The U.S. Department of Treasury last week released further guidance on the use of coronavirus relief funds (CRF) to states, counties, and localities authorized under the Coronavirus Aid, Relief, and Economic Security (CARES) Act.
Within the new guidance, Treasury has clarified that CRF may be used to meet the non-federal matching requirements for Stafford Act assistance, assuming those expenses would otherwise qualify for use as CRF funds.
Conversely, Treasury notes that qualification of an expenditure for purposes of CRF does not mean it will necessarily qualify for reimbursement by the Federal Emergency Management Agency.
“Regardless of the use of fund payments for such purposes, FEMA funding is still dependent on FEMA’s determination of eligibility under the Stafford Act,” the Treasury Department said.
Additionally, the guidance notes that CRF funds can be provided to a non-profit for distribution to individuals as part of a financial assistance program.
The question is relevant to public power utilities that want their state, county, or city use CRF for a utility assistance program.

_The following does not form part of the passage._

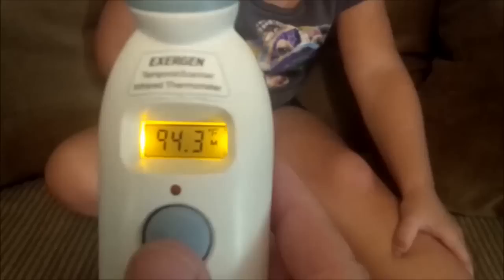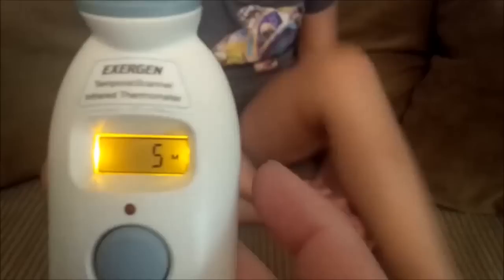And you just go through up to eight. So I don't know about you, but at two, three o'clock in the morning, that's the last thing that I can remember is what my child's or my temperature was. So this really comes in handy.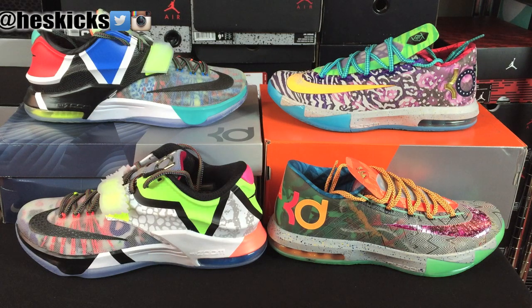Yo, what's going on guys? DJ Hess here at CollectiveKicks.com. I wanted to bring you guys a video and show you guys the KD7s known as the What the KDs. I will have an on-foot section of these at the end of the video.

Some jurisdictions are issuing debit cards to qualifying customers, others are relying on community action agencies that already are tasked with distributing Low Income Home Energy Assistance Programs (LIHEAP).
Funding for LIHEAP remains front and center for the American Public Power Association in terms of legislative priorities, noted John Godfrey, Senior Government Relations Director, at APPA’s Public Power Connect Virtual Summit and Business Meeting in June.
In late March, President Trump signed into law the CARES Act in response to the COVID-19 pandemic.
The measure will provide $2 trillion in financial assistance in response to the pandemic. Among other things, the CARES Act provides $900 million for LIHEAP, which comes in addition to the $3.74 billion already appropriated for the account for fiscal year 2020.